WU in Delhi is 1443.4 MCM a year: 364 MCM from Nw, 249 MCM from Rf, 1.4 from TPPs, and 829 MCM from distribution losses and wastage. Much of this flow is through unlined open drains. Approximately 10% (144.3 MCM a year) of this WU is assumed to recharge groundwater [20], another 10% is lost through EaU, 30% (~433 MCM a year) mixes with sewage going into the wastewater treatment plants, and the remaining 721.6 MCM leaves the city as unutilized water. Of the total water used for urban end-uses, 80% comes out as WT. This, when added to the diverted WU of 433 MCM (30% of total WU) brings the value of total WT (load on the wastewater treatment plants) to 989.4 MCM a year. Of the volume of wastewater treated annually, 7.4 MCM is used in TPPs as cooling water, 78.5 MCM in agriculture for ‘irrigation’, and ~2 MCM in public parks (irrigation) and other commercial areas (cleaning, etc.). WR in domestic and industrial sectors is negligible. Total WR is thus estimated to be ~87.9 MCM a year; which implies that 901.5 MCM flows back to the hydrosphere every year.

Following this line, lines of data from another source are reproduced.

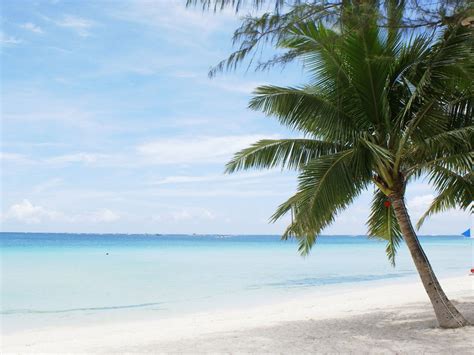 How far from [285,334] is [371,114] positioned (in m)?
3.22

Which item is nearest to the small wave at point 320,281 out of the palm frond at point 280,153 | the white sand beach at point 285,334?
the white sand beach at point 285,334

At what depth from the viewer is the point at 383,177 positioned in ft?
21.9

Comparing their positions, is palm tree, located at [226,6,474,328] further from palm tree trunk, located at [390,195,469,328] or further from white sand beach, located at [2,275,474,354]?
white sand beach, located at [2,275,474,354]

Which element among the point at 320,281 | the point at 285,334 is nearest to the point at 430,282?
the point at 285,334

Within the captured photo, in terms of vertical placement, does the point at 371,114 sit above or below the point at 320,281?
above

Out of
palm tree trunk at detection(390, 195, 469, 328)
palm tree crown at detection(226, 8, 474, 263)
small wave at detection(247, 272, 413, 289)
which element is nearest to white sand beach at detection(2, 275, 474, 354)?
palm tree trunk at detection(390, 195, 469, 328)

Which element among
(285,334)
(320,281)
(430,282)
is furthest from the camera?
(320,281)

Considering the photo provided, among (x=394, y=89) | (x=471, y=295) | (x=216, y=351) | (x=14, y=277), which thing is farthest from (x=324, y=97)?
(x=14, y=277)

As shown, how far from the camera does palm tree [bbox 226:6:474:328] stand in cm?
623

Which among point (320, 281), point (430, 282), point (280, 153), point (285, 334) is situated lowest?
point (320, 281)

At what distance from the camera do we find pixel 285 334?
23.2ft

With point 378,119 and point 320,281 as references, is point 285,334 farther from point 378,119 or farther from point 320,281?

3.4. Hydrological Performance

Hydrological performance indicators for Delhi are summarized in Table 4. WUI of Delhi is about 2.5 times greater than those of Australian cities [8]. One of the reasons for the high WUI in Delhi could be the inclusion of rural areas (where agriculture is a big end-use sector) in the model. Since water demand for agriculture is just 38% of the total water demand of the region, it means that a significant amount of water is wasted in the form of leakage in water supply infrastructure and as runoff (given the absence of water storage structures).
The share of the centralized water supply is ~67%, which is low and points to the existence of a private water market. If one accounts for the 20% water losses in the form of infiltration and evaporation [20] the OWB should be at the most 120%. In Delhi, this is 136.7%, indicating that water inflows add to the existing stock of water.
Delhi is a net water deficit region because even under the best-case scenario, Rf can meet only 65.3% of Delhi’s current water needs (based on TUR) and can replace ~50.7% of the decentralized and 97% of the centralized supply. Therefore, water demand of the city far exceeds the natural water resources it has been endowed with. The supply from river Yamuna therefore must be augmented at all costs. Due to the lack of rainwater harvesting facilities in the city, Rf is not able to attain its potential value of 65% (TUR). The key to sustainable water supply for Delhi then, is the utilization of WT (use potential is 78.2%). If we consider the potential of rainfall utilization coupled with strategies that reduce water losses in the system and realistic domestic water supply norms, Delhi has the potential to be a net water exporter in the short term, and to evolve over time to become a water sustainable city.
The OTR is 7.91, which means that water remains in the city for ~46 days before it leaves the system. We do not have similar data for other regions to judge whether the residence time for Delhi is high or low. The ATR for Delhi is 5.08, which validated by presence of pollution in its water bodies [14,21]. Delhi’s RTR is 2.83 times a year, which reflects on the poor stormwater management and presence of frequent urban flooding.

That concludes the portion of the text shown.